DEMOCRATS and liberals have bet the house that President Trump’s tax cut would either not pass or not work. Now that the first has happened and the second is happening, they have no good place to position themselves.
They complain that it gives too much to the rich and does nothing for the poor, an accusation that rings more and more flat as black unemployment reaches a 20-year low.
They can argue that it is a giveaway to rich corporations, even as its job-creating impact among smaller companies becomes more evident.
The impact of this tax cut is too wide and too broad for even Democrats to miss in their daily economic lives.
The left will, of course, attribute the economic growth to President Obama— just as it blamed the bad economic times on George W. Bush. But, after a year of radical Trump regulatory and economic changes—and the passage of a tax cut bill all agree is a radical departure—the blame or credit for economic change would seem to be fairly affixed to the Trump policies, not to any residual Obama hangover.
Democrats can argue that the substantial increase in the deficit is the real cost of the tax cut and that its economic harm will be felt for years.

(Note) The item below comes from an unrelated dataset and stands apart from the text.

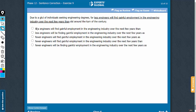Some answer choices say 'less' and some choices say 'fewer.' It's about engineers, which are countable, and therefore 'fewer' and not 'less' is the correct usage.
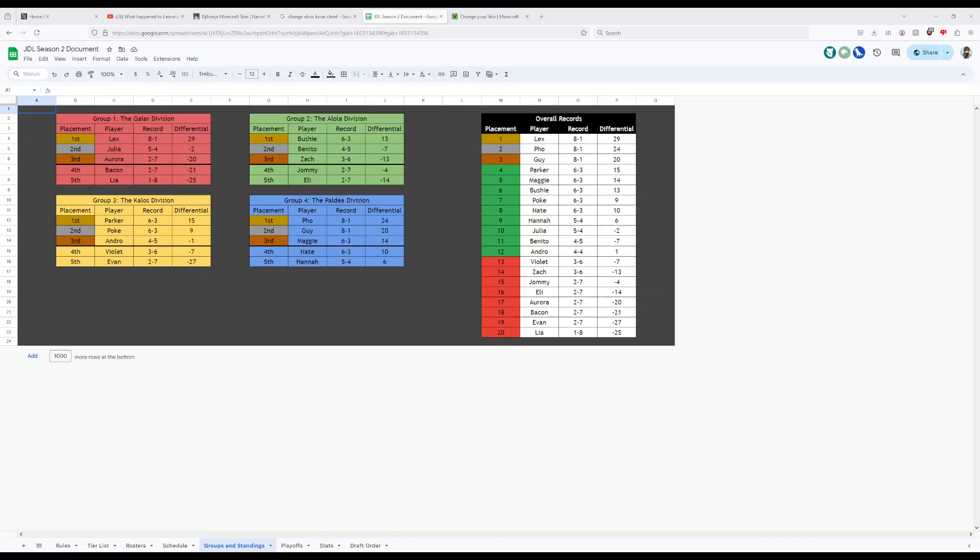Also having an amazing performance in the Paldea division, Guy had another 8-1 record, barely losing out that first seed by just a plus-4 differential to Foe. It truly was a really strong season, and it's curious to see who he'll be facing off, because they will have a lot of ground to try and cover.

But they had better hasten to make that argument. The Treasury Department estimates that, at a growth rate of more than 3 percent, the deficit won’t go up.
(In the last two quarters, the growth rate was 3.1 percent and 3.2 percent respectively.)
Democrats have painted themselves into a corner by their violent opposition to the tax cut and their partisan refusal to cooperate in shaping it.
Of course, they can switch gears and attack Trump over the phony Russian collusion story or await his next tasteless tweet. They can call all those who back Trump “deplorable” and ask how such a monster can ever be president. But they are too late with their recycled rhetoric.
The fact is, the left is out of options.